Aaron Shelton, a pioneer in Nashville’s recording industry, died Sunday in Nashville. Cause of death was not released by the family. Services will be held at 10 a.m. CST Thursday at Mount Olivet Funeral Home, 1101 Lebanon Road in Nashville.
Mr. Shelton was born July 23, 1910, in Erin, Tenn. While an engineer at radio station WSM, he founded the Castle Recording Studio in 1946 with two other WSM engineers, Carl Jenkins and George Reynolds. They used a WSM studio in the old National Life Building located at Seventh Avenue North and Union Street, then moved to the former dining room of the Tulane Hotel on Church Street as business increased. Castle derived its name from WSM’s moniker, “Air Castle of the South.”
“He was an engineer’s engineer,” says country music historian Dr. John Rumble of the Country Music Foundation. “His knowledge of microphone placement and his rapport with country artists added so much to Nashville’s success as a recording center.”
Cincinnati’s King label, Nashville’s Dot and Bullet labels and all major labels except RCA made recordings at Castle. Among the most famous hits to come out of the studio were Red Foley’s “Chattanoogie Shoeshine Boy” and Hank Williams Sr.’s “You Win Again.” All but two of Williams’ sessions were done at Castle. Ernest Tubb recorded “Blue Christmas” there. Snooky Lanson’s jingle for the Harold Shyer Jewelry Company is believed to be the first advertising jingle recorded in Nashville.
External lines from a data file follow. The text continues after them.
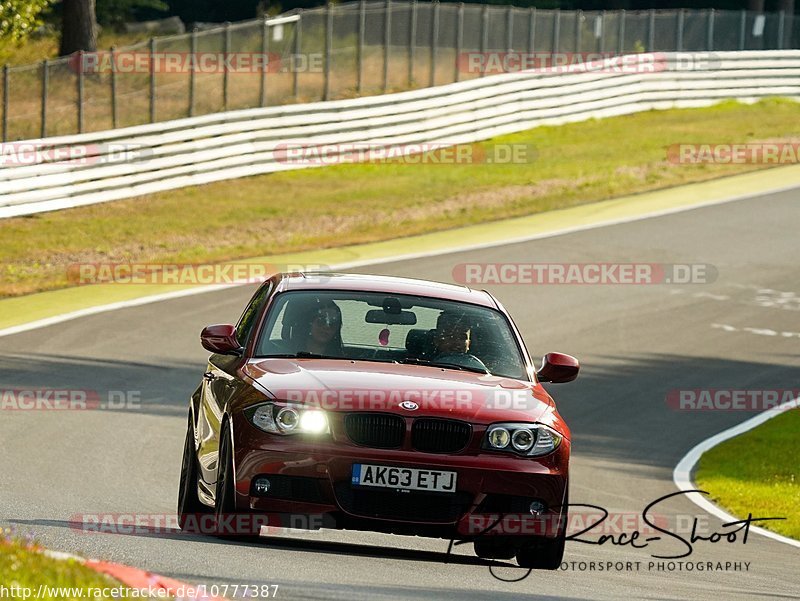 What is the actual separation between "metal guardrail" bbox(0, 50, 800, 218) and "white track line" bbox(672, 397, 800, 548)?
1292 centimetres

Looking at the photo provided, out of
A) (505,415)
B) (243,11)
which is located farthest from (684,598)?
(243,11)

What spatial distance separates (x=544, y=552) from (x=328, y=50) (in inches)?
1116

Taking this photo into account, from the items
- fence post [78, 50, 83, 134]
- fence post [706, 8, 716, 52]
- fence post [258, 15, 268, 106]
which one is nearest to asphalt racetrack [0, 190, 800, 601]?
fence post [78, 50, 83, 134]

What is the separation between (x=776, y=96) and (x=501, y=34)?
9.57 meters

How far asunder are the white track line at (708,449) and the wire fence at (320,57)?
576 inches

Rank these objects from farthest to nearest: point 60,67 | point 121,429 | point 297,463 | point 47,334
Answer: point 60,67, point 47,334, point 121,429, point 297,463

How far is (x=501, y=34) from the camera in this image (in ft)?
130

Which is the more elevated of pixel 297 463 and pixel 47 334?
pixel 297 463

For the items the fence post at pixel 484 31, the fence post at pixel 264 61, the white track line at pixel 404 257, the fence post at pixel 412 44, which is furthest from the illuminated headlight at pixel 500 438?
the fence post at pixel 484 31

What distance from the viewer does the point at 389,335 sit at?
9820mm

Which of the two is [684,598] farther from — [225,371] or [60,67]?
[60,67]

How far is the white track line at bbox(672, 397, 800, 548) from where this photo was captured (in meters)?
13.2

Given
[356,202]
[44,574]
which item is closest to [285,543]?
[44,574]

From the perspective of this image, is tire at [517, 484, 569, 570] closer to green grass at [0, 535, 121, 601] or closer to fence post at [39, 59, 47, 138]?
green grass at [0, 535, 121, 601] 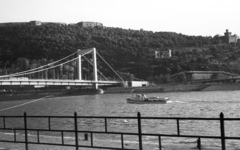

Castle closed in 1956 when a WSM policy forced employees to divest themselves of sideline enterprises. Mr. Shelton eventually retired from WSM after 47 years of service.
Mr. Shelton also taught at Vanderbilt University from 1945 to 1955. He was preceded in death by his wife, Dorothy Brothers Shelton, and son, William A. Shelton. He is survived by his wife, Stella Shelton of New Johnsonville, Tenn.; his sons, Aaron C. Shelton Jr. of Dallas and Gene B. Shelton of Cape Coral, Fla.; two brothers, J.W. Shelton of Kansas and Boyd Shelton of Texas; four grandchildren; and one great grandchild. Visitation continues from 4-8 p.m. today (April 19) at Mount Olivet Funeral Home. Burial at Mount Olivet Cemetery will follow Thursday services.
(Information on the Castle Recording Studio comes from an entry by Dr. John Rumble in the Country Music Foundation’s Encylopedia of Country Music.)